Ich konnte den Stall auch keinem anderen übergeben, genausowenig wie eine scharfe Granate.

Ich wurde in meinem eigenen Job zurückerwartet und war bereits zu spät dran für meinen nächsten Auftrag, überhaupt war ich nur als Lückenbüßer im Stall eingesprungen, weil der tüchtige Assistent meines Vaters, der am Steuer des Rolls gesessen hatte, als sie von einem sich querstellenden Lastwagenanhänger von der Straße gefegt worden waren, jetzt im selben Krankenhaus wie mein Vater im Koma lag.

Das Ganze hatte sich zu einem beträchtlichen Problem entwickelt. Aber schließlich waren Probleme, so überlegte ich ironisch, mein Geschäft. Die Probleme mies gehender Geschäfte waren mein Geschäft.

Im Augenblick sah nichts mieser aus als meine Aussichten in Rowley Lodge.

Mit heftigem Zittern entfernte ich mich Stück um Stück von dem Tisch und dem Stuhl, ging hinaus in die Küche und machte mir einen Kaffee. Trank ihn. Zustandsverbesserung mäßig.

Schob mich millimeterweise nach oben ins Bad. Schabte die nächtlichen Barthaare ab und betrachtete leidenschaftslos das getrocknete Blut auf meiner Wange. Wusch es weg. Pistolenlaufschramme, trocken und schon auf dem Weg der Heilung.

Draußen sah ich durch die blattlosen Bäume die Lichter des Verkehrs, der wie gewöhnlich die Bury Road hinauf und hinunter donnerte. Diese Autofahrer in ihren warmen, rollenden Kisten — sie lebten in einer vollkommen anderen Welt, einer Welt, in der Entführung und Erpressung etwas waren, das immer nur anderen zustieß. Unglaublich, sich vorzustellen, daß ich nun tatsächlich zu diesen anderen gehörte.

Während ich unter einem umfassenden Gefühl körperlichen Unbehagens erschauderte, betrachtete ich mein veilchenäugiges Spiegelbild und fragte mich, wie lange ich weiter tun würde, was der dicke Mann mir sagte. Schößlinge, die sich vor dem Sturm beugten, lebten lange genug, um zu Eichen zu werden.

Lang leben die Eichen!

Ich schluckte ein paar Aspirin, hörte auf zu zittern, versuchte ein wenig mehr Vernunft in meine schwummerigen Gedanken zu bringen und kämpfte mich in Reithosen, Stiefel, zwei weitere Pullover und eine Windjacke hinein. Was immer vergangene Nacht geschehen war, oder was in Zukunft geschehen mochte, da unten warteten immer noch diese fünfundachtzig Sechs-Millionen-Pfund-Pferde darauf, daß man sich um sie kümmerte.
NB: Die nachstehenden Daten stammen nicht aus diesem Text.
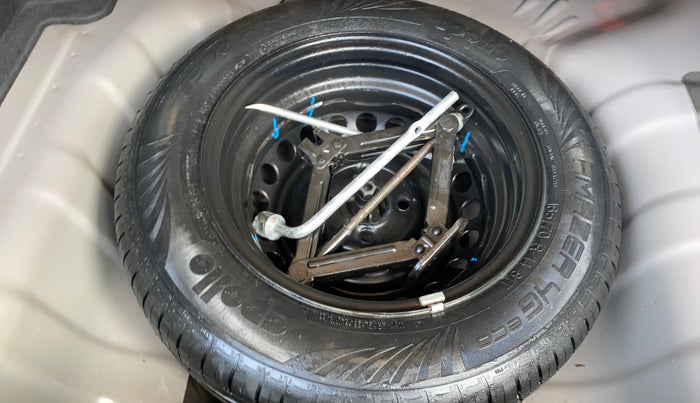 2020 Hyundai AURA SX PLUS 1.2 AMT, Petrol, Automatic, 19,219 km, Spare Tyre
Sie waren auf einem Hof untergebracht, dessen Anlage im Jahre 1870 von großzügiger Geräumigkeit inspiriert gewesen war und der nun, gut hundert Jahre später, noch immer als eine eindrucksvolle, funktionierende Einheit fortbestand. Ursprünglich hatte es zwei einander gegenüberliegende Stallgebäude von jeweils drei Stallgassen gegeben, die wiederum jede zehn Boxen beherbergten. Am hinteren Ende schlossen das Futterlager und eine große Sattelkammer den Hof ab; zwischen ihnen befand sich ein großes Doppeltor. Es hatte ursprünglich auf ein Feld hinausgeführt, aber noch ganz am Anfang seiner Karriere, als sich die ersten Erfolge einstellten, hatte mein Vater hinter dem Tor zwei zusätzliche Stallgassen gebaut, die dort einen weiteren kleinen, in sich abgeschlossenen Hof mit fünfundzwanzig Boxen bildeten. Aus diesem führte ein weiteres Doppeltor nun hinaus auf eine kleine, umzäunte Trainingsanlage.

Zuletzt hatte man noch vier Boxen zur Bury Road hin angebaut, außen an die westliche Abschlußmauer des nördlichen Blocks. Es war die hinterste dieser vier Boxen, in der man gerade ein ausgewachsenes Desaster entdeckt hatte.

Mein Erscheinen in der Tür, die direkt vom Haus auf den Hof führte, setzte die Gruppe, die sich zuvor um die Außenboxen geschart hatte, abrupt in Marsch, und sie kehrte nun in zerfranster, aber zielgerichteter Formation in den Haupthof zurück. Ich sah dem Haufen an, daß ich über die Neuigkeiten nicht glücklich sein würde. Wartete gereizt darauf, sie zu hören. Krisen waren an diesem ganz besonderen Morgen alles andere als willkommen.

«Es ist Moonrock, Sir«, sagte einer der Pfleger besorgt.»Hat sich in seiner Box festgelegt und ein Bein gebrochen.«

«Aha«, sagte ich schroff.»Und jetzt kümmert euch wieder um eure eigenen Pferde. Es ist gleich Zeit fürs Morgentraining.«

«Jawohl, Sir«, bekam ich zur Antwort. Widerwillig und mit einem letzten Blick über die Schulter gingen die Männer über den Hof zu ihren Schützlingen.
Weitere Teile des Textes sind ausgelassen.